Uno de los problemas de los partidos políticos en la actualidad es, además de haberse metido de bruces en el electoralismo y todo lo que esto implica en términos de su pérdida de definición doctrinaria y política, es que han terminado por aceptar el predominio de la búsqueda de consensos en vez de luchar por proyectos políticos específicos.

Este dato es importante pues la clase dominante y los grupos en el poder se han encargado de privilegiar el consenso sobre el debate serio y responsable de los proyectos políticos (y económicos), pues con la búsqueda de consensos se intenta que los partidos se pongan de acuerdo en lo que pueden (y sea viable en la lógica del poder) y descarten aquello que impida el acuerdo, es decir el consenso. Y, además, la idea que venden los del poder es que lo que hay es lo que hay y, si acaso, se le pueden hacer remiendos o pequeños ajustes (los cambios propiamente dichos han quedado fuera de lo que ahora se conoce como ``pensamiento único'').

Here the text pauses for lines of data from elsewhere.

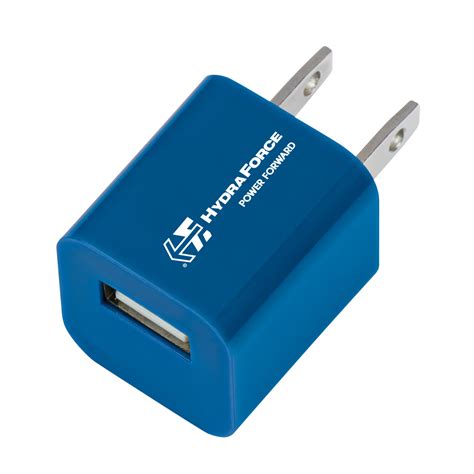 USB AC Adapter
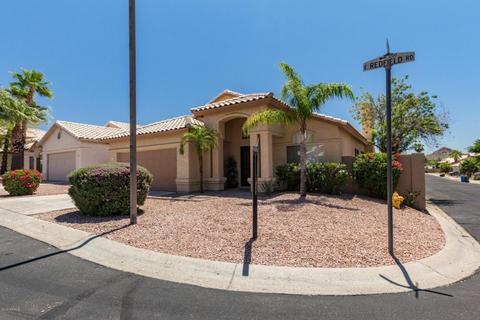 1217 E Redfield Rd, Phoenix, AZ 85022 photo 3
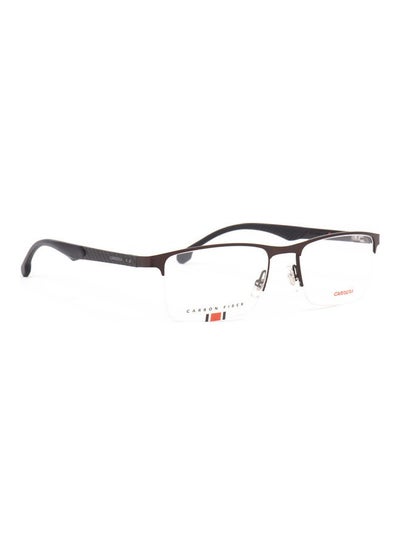 Men’s Anti-reflective Rectangular Eyeglasses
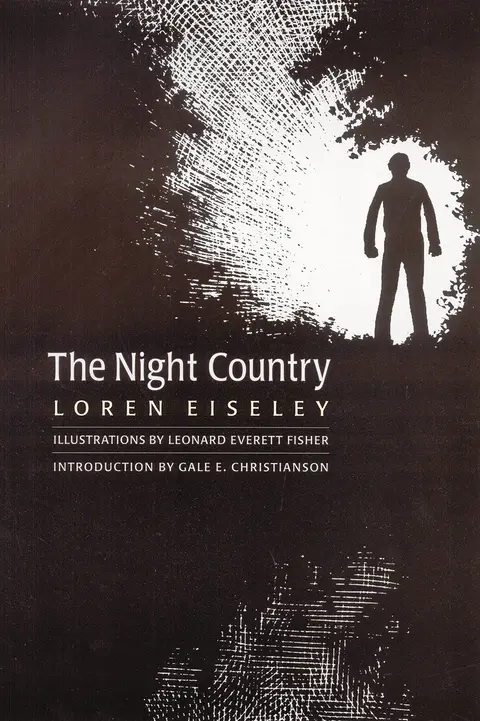 Cover of The Night Country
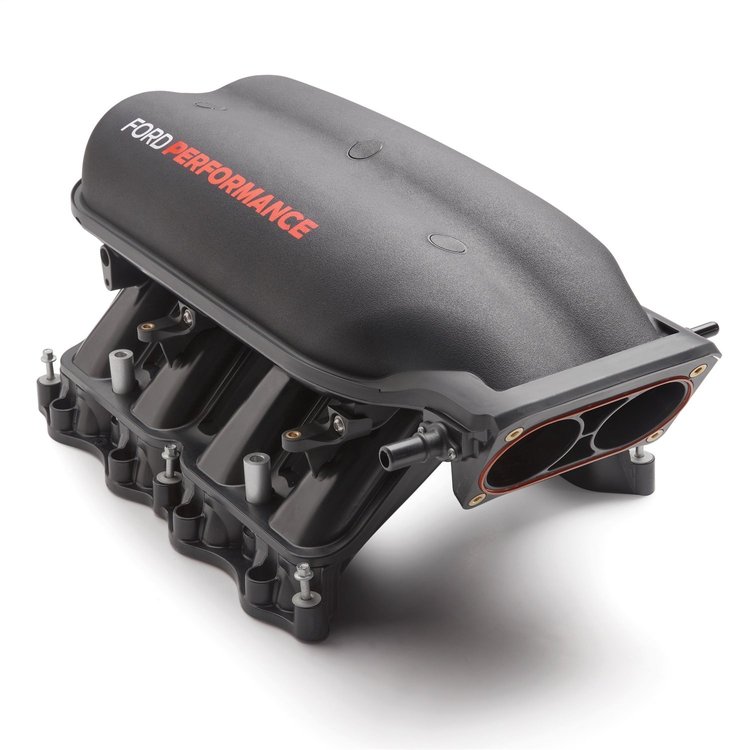 COBRA JET 5.0L INTAKE 2.0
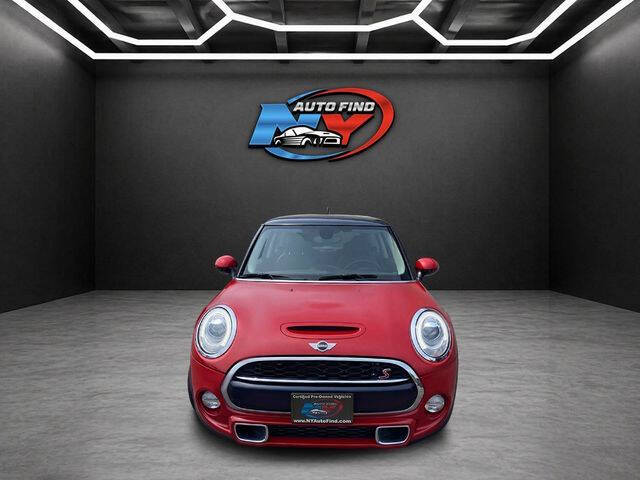 2014 MINI Hardtop Cooper S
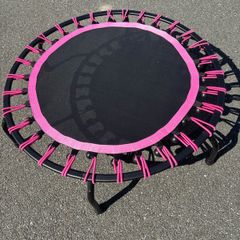 exercise trampoline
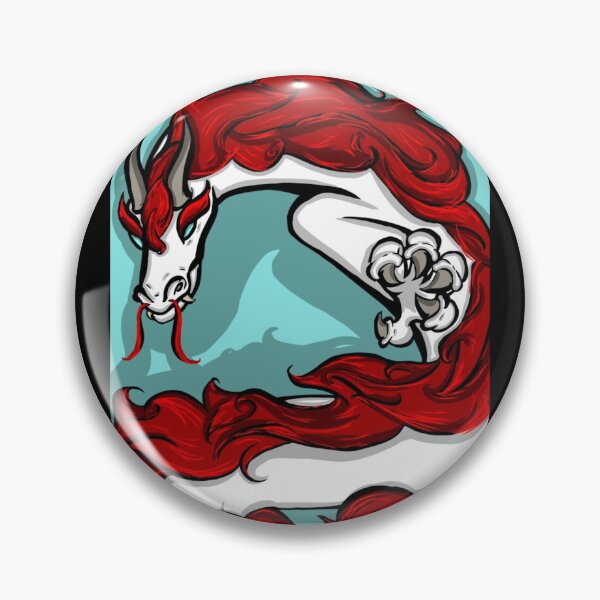 Item preview, Dragon Claw designed and sold by CodeRedArt.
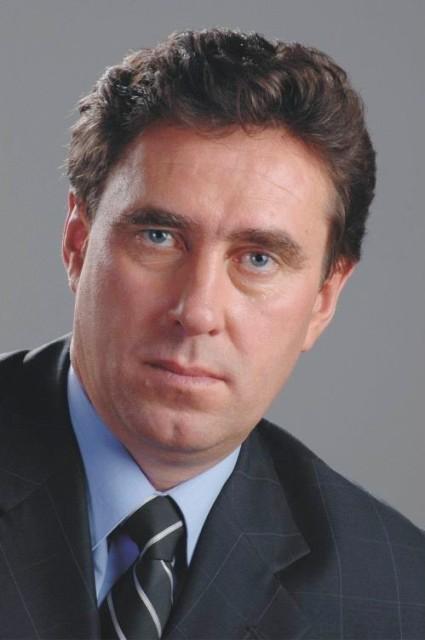 Фото Михаил Звездин об особенностях посевной-2008 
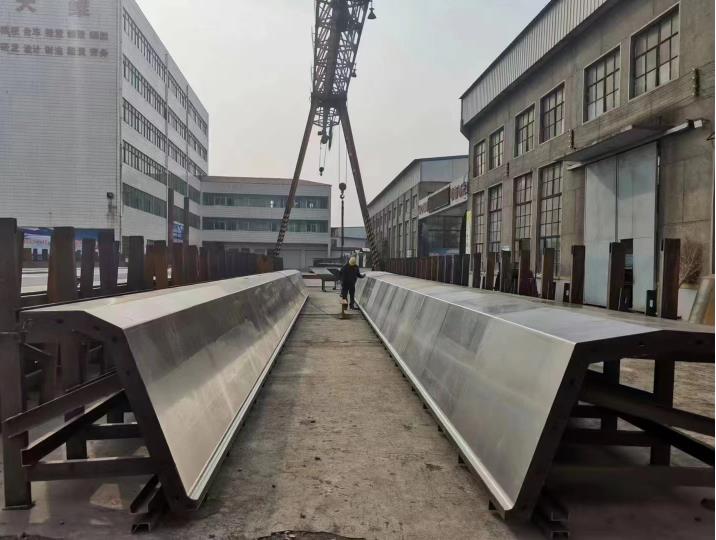 郑州桥梁模板加工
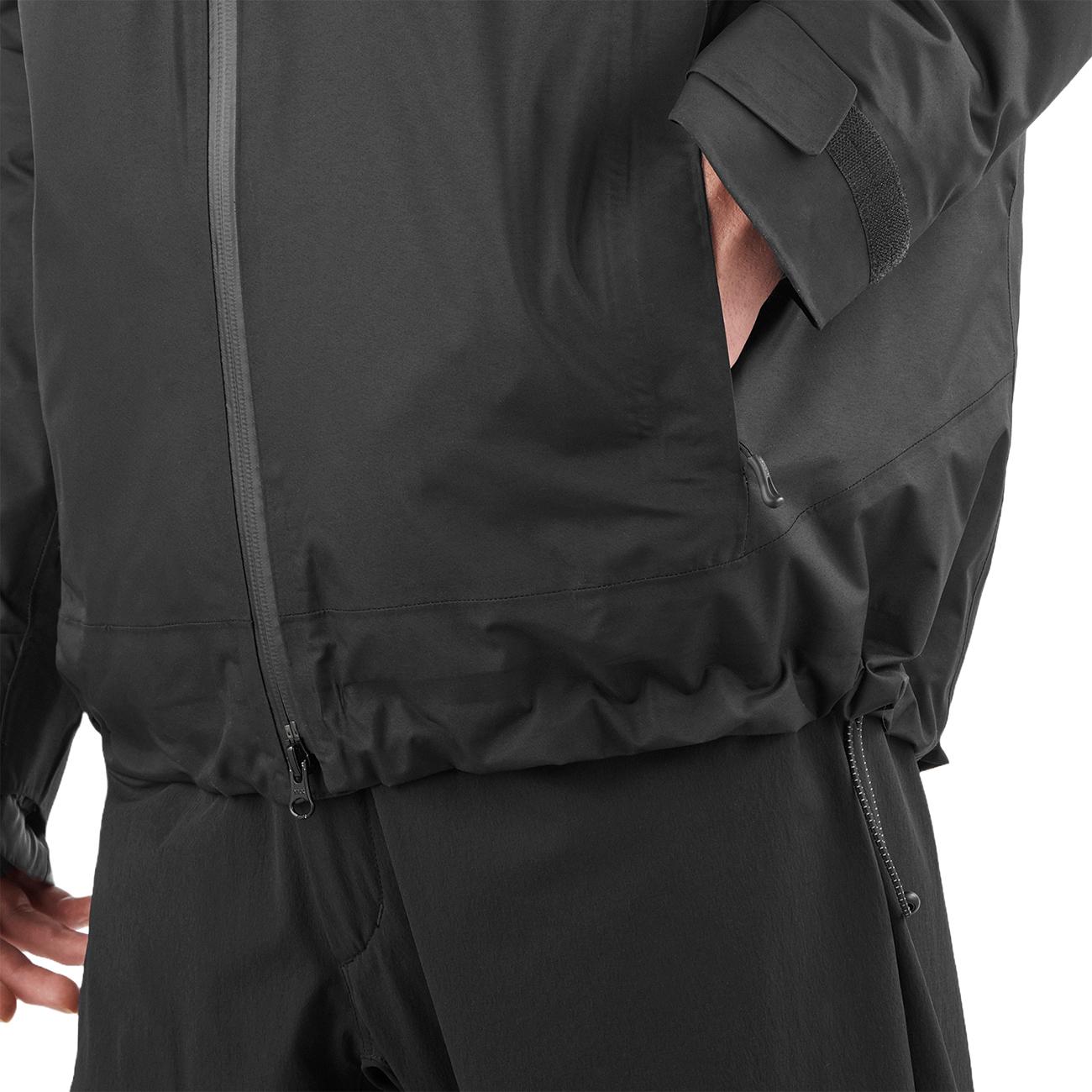 Product gallery image number 5 for product Patroller 3-in-1 Down Jacket - Men's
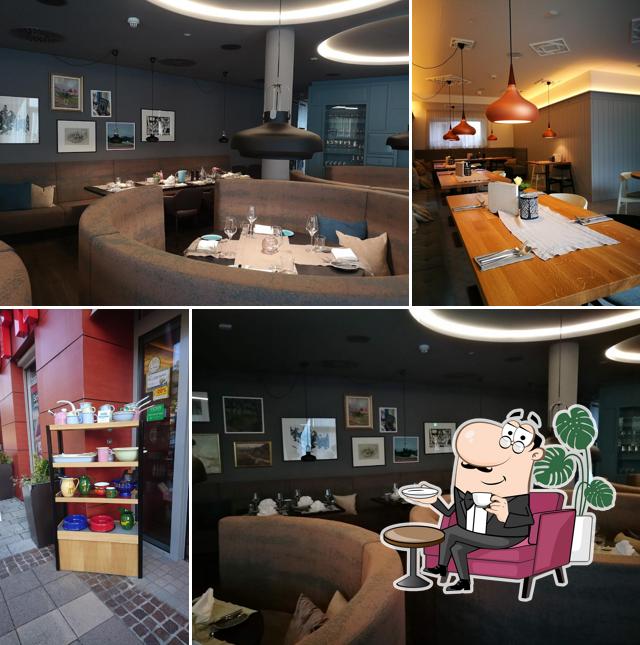 BADHAUS Bad Hall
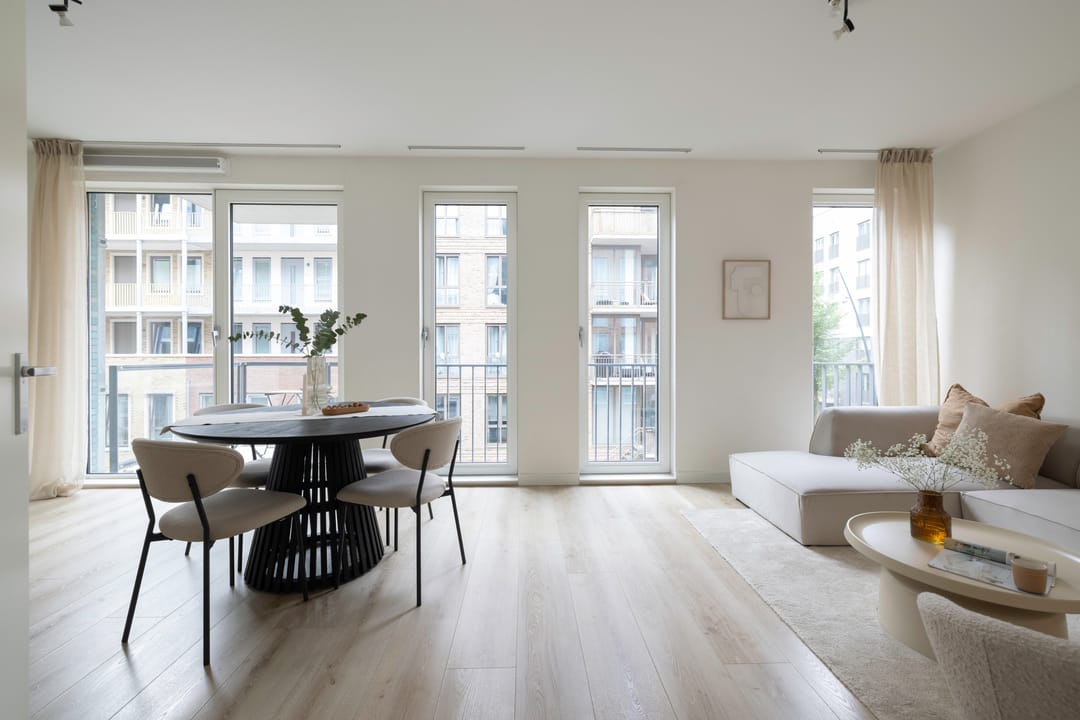 Photo 7 of Carel Willinkgracht 497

Quienes favorecen el consenso sobre los proyectos políticos y su defensa se aprovechan del aparente desprestigio (de moda) de las ideologías para etiquetar a los defensores de proyectos (políticos, económicos, de país) como maximalistas (no es casual la moda del minimalismo hasta en la música), como intransigentes, como ideológicos, como voluntariosos, etcétera. Todo esto con el fin de no debatir (pues el debate confronta y en la confrontación alguien pierde) sino de ganar sumando -por consenso- a la oposición y darle entrada en la esfera de lo posible -desde el punto de vista de quienes detentan el poder.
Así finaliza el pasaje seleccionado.